JeremyAlan:Horse,
What are some of the psychological traits that you think a trader should have? We know that the trader should be able to take a loss but minimize a loss. You have given that down 10% in the whole portfolio, one should cash their chips in. What are some of the barometers when trading individual stocks? How do you know when you are wrong in the sense of buying into the security?
First, on the 10% rule. What Livermore is talking about there is each trade, not the entire port. So, let me address that first. I don't risk 10% on each trade, I risk 5% on each trade. That doesn't mean, though, that I put my initial stop at 5%. It means, I use staged buys with calculated stops to make sure I don't go over 5% of the entire trade. So, let's assume I want to make a trade using 3 buys of $1000... total $3000. 5% risk on this trade is $150. At no point then do I want to risk more than $150. I make my first buy based on support. In reality, I can place my stop 15% below my first buy and still risk only 5% of my trade. Once I commit my second buy, then my stop has to be no more than 7.5% from my average cost. Finally, if I get to commit my 3rd buy, then I have to use a max 5% stop. If I need a larger initial stop, then I might drop down to 1/4 buys. My thought on it is this. If I limit my total loss to 5%, but I can get minimum of 10% gains, then I can tolerate 2 losses for every gain and I break even. Any thing better than this, I'm gaining. Any gains greater than 10% increase my gains.
Now, back on the 10% port rule. I don't think a trader should completely throw in the towel. No, not at all. If someone gets down on their port 10%, even in this market, then I think it's pretty obvious their current strategy is not working.
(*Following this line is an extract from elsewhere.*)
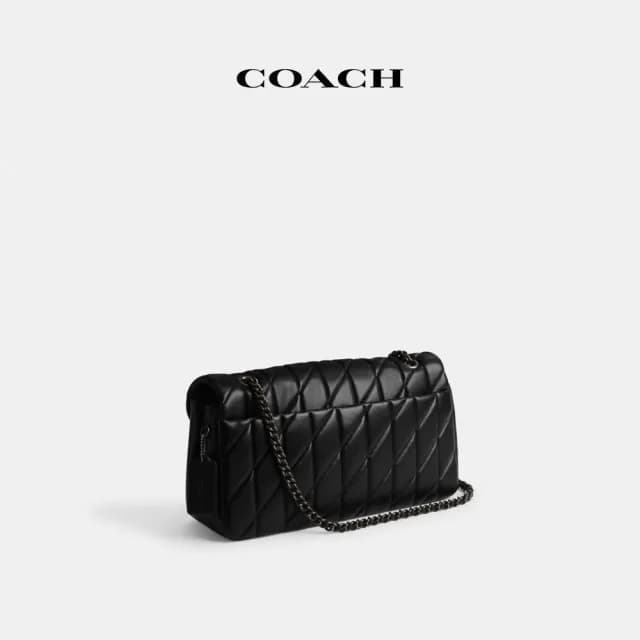 【COACH】蔻馳官方直營 TABBY 絎縫33號單肩手袋-V5/黑色(CP151)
It could be the market, it could be the strategy. Before they take their port down even further, making it that much more difficult to come back, I think they should cash out temporarily, to cool the streams, let things settle, and evaluate the situation. If it's the market, take a breather. If it's strategy, then look at the problems and fix them. The last thing I would want someone to do is keep doing the same thing that got them down 10% in the first place. HOPING the port comes back will just result in that 10% going to 15% down, then 20%. Soon, they will have to throw the towel in. So, it's a matter of surving to make the next trade. After their rest period, then I advise them to take it easy. Make small trades, don't throw a lot in until they see changes, positive momentum. Once they get back in gear, if they are sure everything is working, they will have a chance to get back in the game. Being down 10% is tough psychologically, we start making additional mistakes. Again, it's a matter of survival.
Psychological traits. I don't necessarily think a person's psychology matters per se. We are all individuals and think/act differently. I think people who are more willing to say "I'm wrong" have a better chance because they don't tie themselves to being "right". I think people who are more emotionally balanced have a better chance. They don't get excited about gains nor down about losses. They just accept the result and move on. But, given these "advantages", I don't think they are necessary. What is necessary is objective, unemotional trading, full stop. To achieve this, it's not necessary to have a "perfect" psychology, but to have an awareness of our own psychology. If a trader is a very emotionally charged person AND KNOWS IT, they can implement rules and measures to tame their emotions... don't watch prices for one; make all decisions outside market hours, stuff like that. In essence, it's less about the psychological makeup, more about self-awareness and what it takes for ourself to achieve an objective unemotional state of trading.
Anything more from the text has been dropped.